### [Action item]
Retype the whole listing below, character for character.

|---|

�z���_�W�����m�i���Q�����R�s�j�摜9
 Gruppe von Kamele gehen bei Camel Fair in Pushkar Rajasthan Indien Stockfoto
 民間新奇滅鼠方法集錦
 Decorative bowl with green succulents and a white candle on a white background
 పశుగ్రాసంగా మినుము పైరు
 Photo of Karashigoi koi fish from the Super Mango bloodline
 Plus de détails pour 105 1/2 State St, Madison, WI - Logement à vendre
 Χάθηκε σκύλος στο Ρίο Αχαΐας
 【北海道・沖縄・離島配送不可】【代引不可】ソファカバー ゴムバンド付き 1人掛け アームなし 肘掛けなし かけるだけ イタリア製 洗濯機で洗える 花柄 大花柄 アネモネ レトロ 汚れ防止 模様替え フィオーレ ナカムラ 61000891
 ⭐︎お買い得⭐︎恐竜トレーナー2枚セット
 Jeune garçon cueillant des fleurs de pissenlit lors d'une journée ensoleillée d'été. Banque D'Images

|---|

### [Task answer]
�z���_�W�����m�i���Q�����R�s�j�摜9
 Gruppe von Kamele gehen bei Camel Fair in Pushkar Rajasthan Indien Stockfoto
 民間新奇滅鼠方法集錦
 Decorative bowl with green succulents and a white candle on a white background
 పశుగ్రాసంగా మినుము పైరు
 Photo of Karashigoi koi fish from the Super Mango bloodline
 Plus de détails pour 105 1/2 State St, Madison, WI - Logement à vendre
 Χάθηκε σκύλος στο Ρίο Αχαΐας
 【北海道・沖縄・離島配送不可】【代引不可】ソファカバー ゴムバンド付き 1人掛け アームなし 肘掛けなし かけるだけ イタリア製 洗濯機で洗える 花柄 大花柄 アネモネ レトロ 汚れ防止 模様替え フィオーレ ナカムラ 61000891
 ⭐︎お買い得⭐︎恐竜トレーナー2枚セット
 Jeune garçon cueillant des fleurs de pissenlit lors d'une journée ensoleillée d'été. Banque D'Images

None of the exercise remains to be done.